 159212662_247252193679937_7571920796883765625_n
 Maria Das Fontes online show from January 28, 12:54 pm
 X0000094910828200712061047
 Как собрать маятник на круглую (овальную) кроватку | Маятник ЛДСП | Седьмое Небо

......

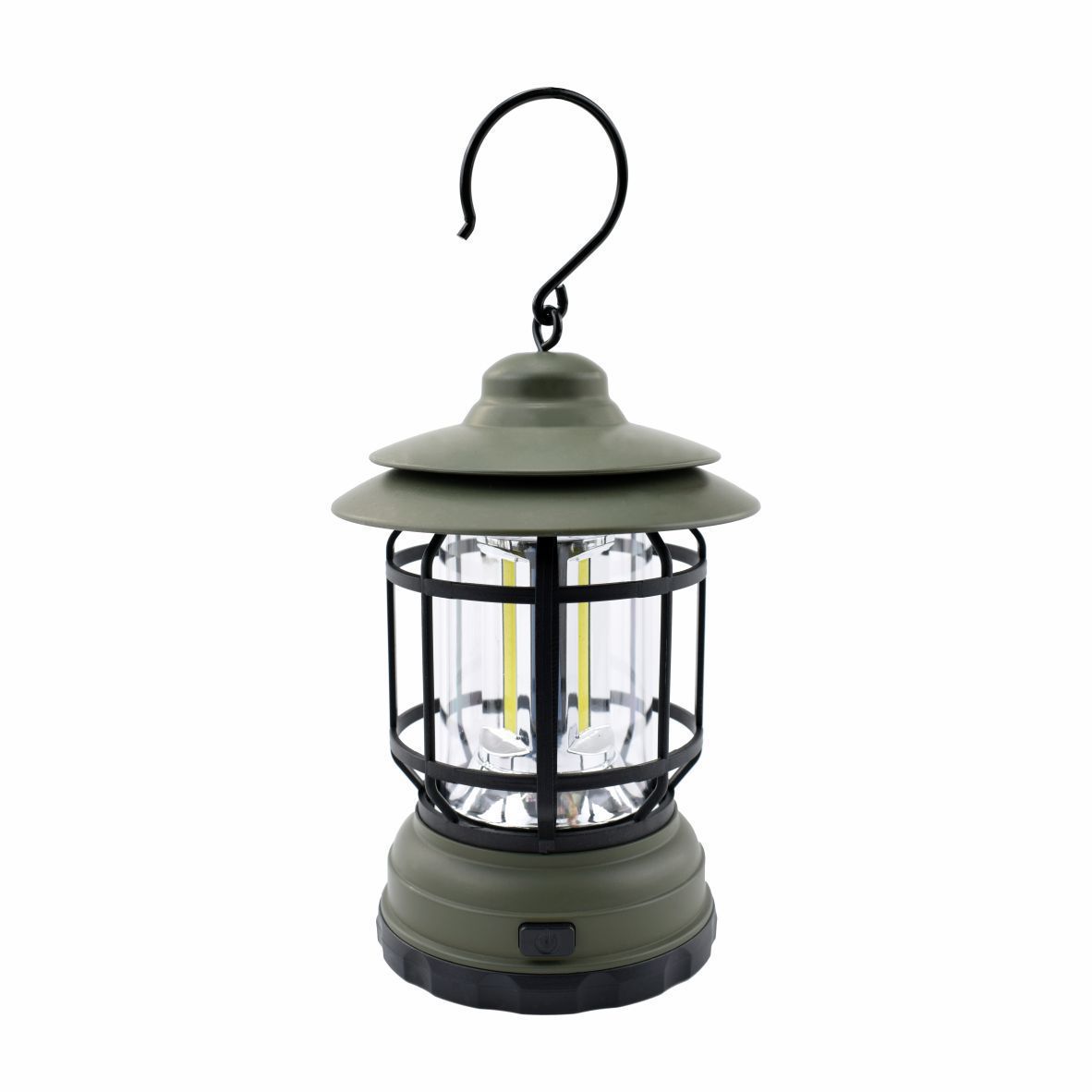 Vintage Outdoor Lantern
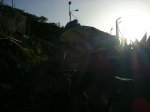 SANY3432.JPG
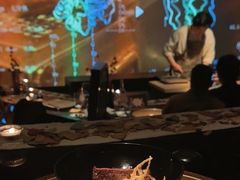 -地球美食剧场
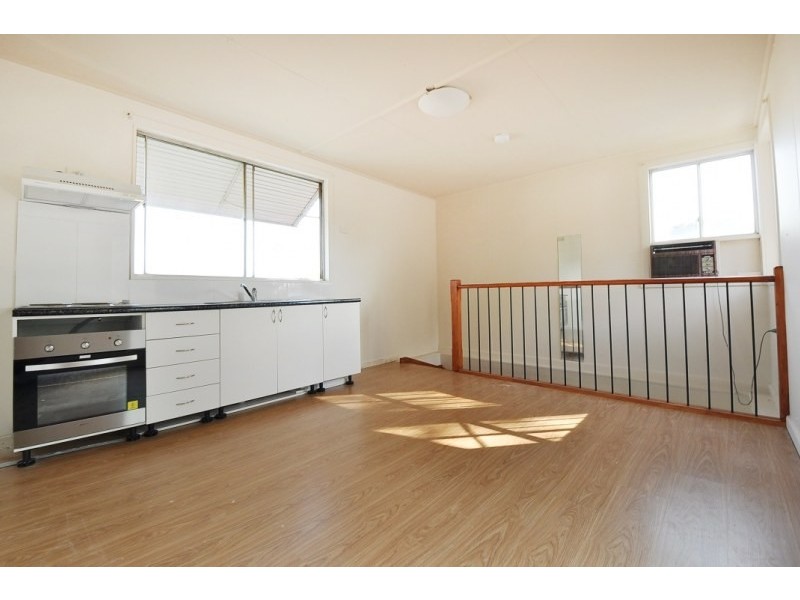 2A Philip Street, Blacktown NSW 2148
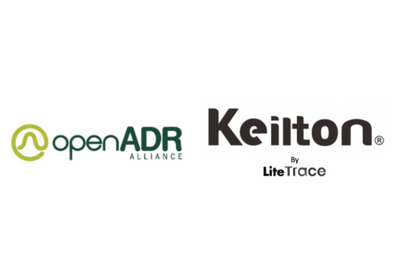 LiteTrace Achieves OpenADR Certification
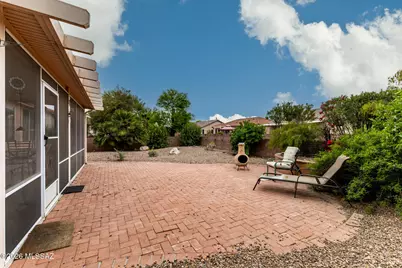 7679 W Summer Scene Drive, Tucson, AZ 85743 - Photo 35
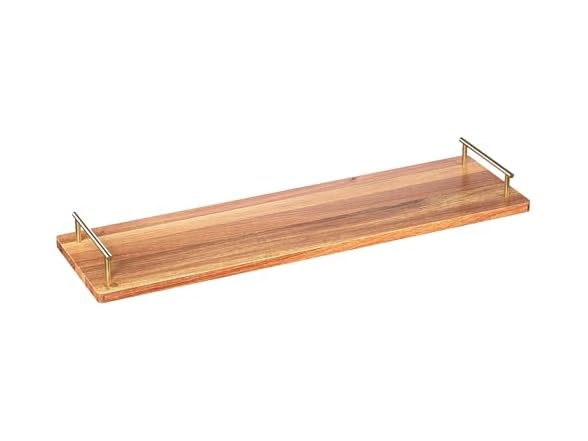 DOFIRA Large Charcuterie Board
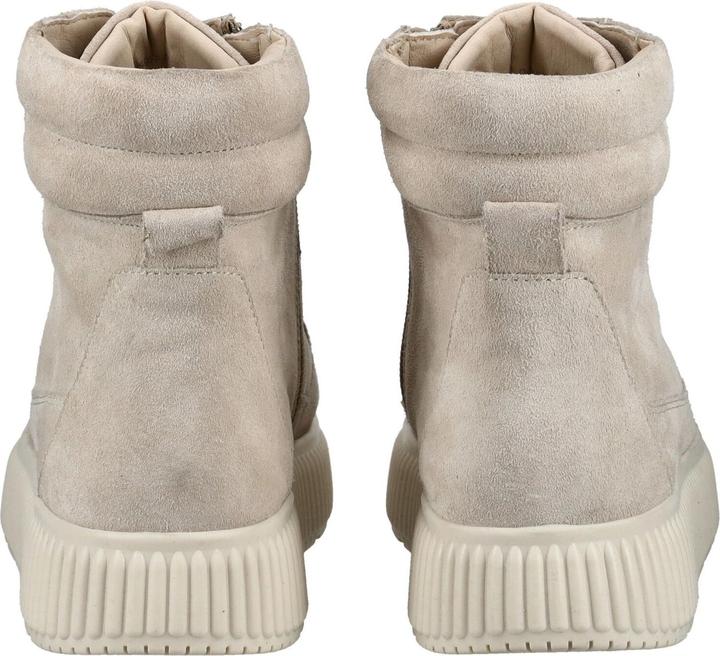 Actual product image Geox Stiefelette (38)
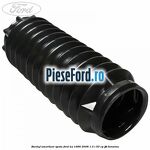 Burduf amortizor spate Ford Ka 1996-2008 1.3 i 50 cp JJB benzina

......

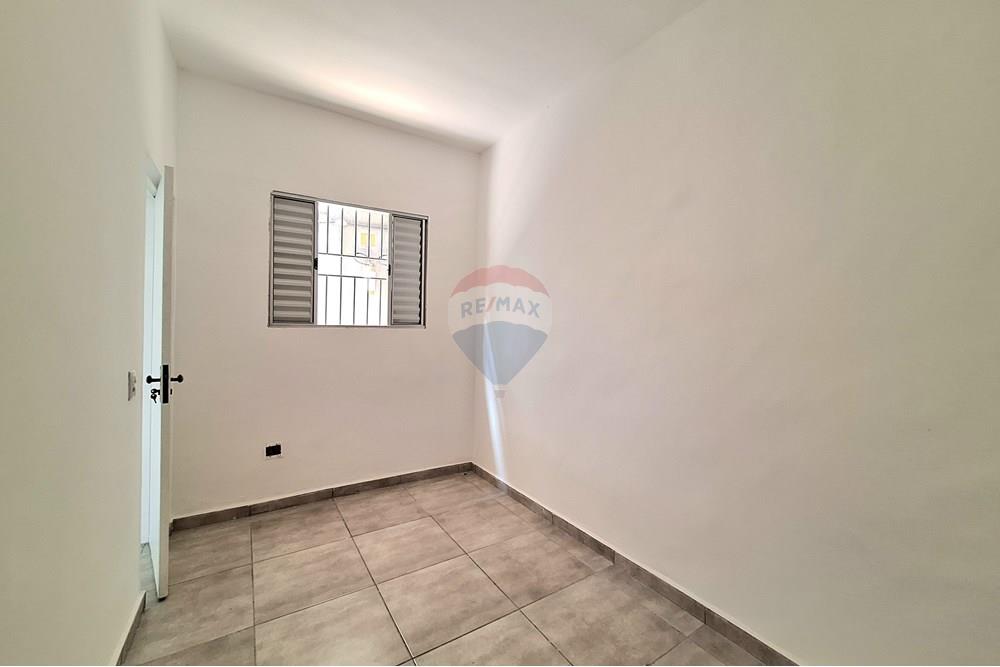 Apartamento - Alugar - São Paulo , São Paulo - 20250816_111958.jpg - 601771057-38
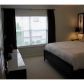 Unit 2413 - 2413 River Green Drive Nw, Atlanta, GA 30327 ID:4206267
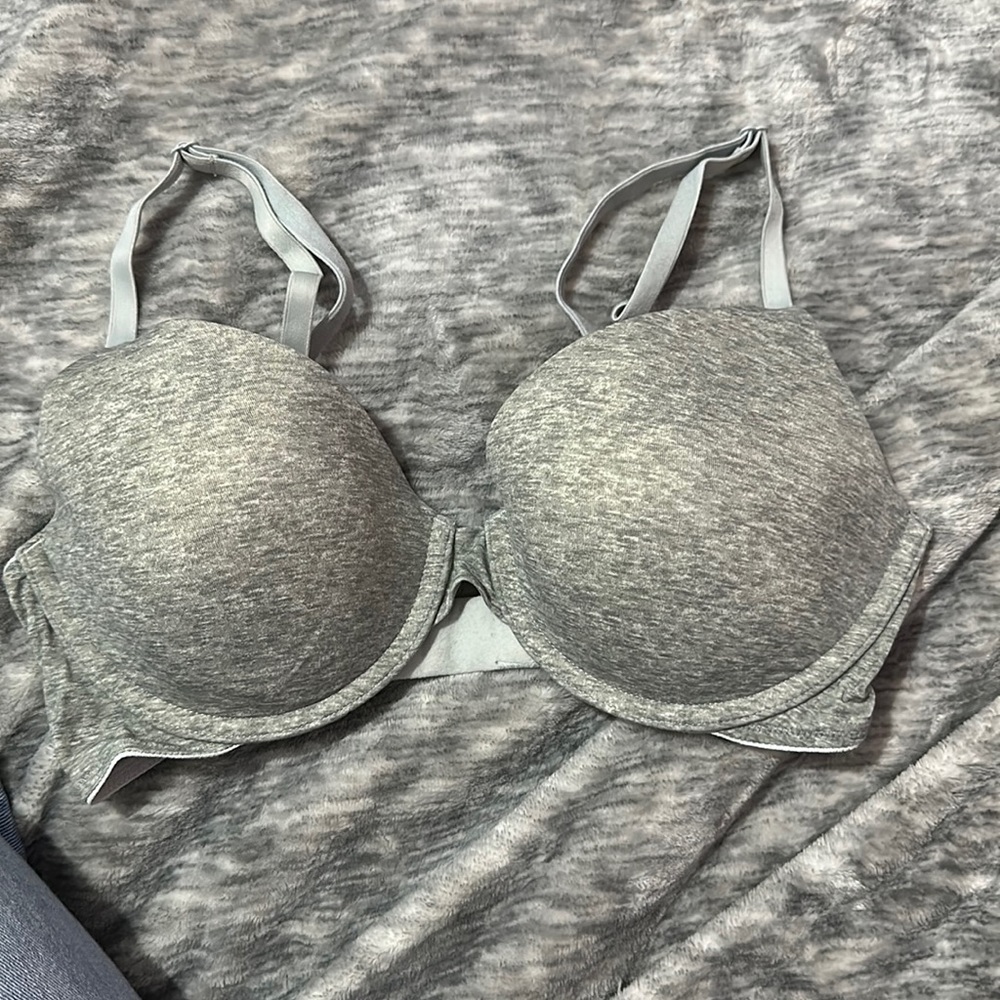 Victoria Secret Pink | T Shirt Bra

......

To do. Output only the lines above from the one containing "2A Philip Street, Blacktown NSW 2148" to the one containing "Burduf amortizor spate", both included, exactly as written and with no pictures.

Response for this exercise.
 2A Philip Street, Blacktown NSW 2148
 LiteTrace Achieves OpenADR Certification
 7679 W Summer Scene Drive, Tucson, AZ 85743 - Photo 35
 DOFIRA Large Charcuterie Board
 Actual product image Geox Stiefelette (38)
 Burduf amortizor spate Ford Ka 1996-2008 1.3 i 50 cp JJB benzina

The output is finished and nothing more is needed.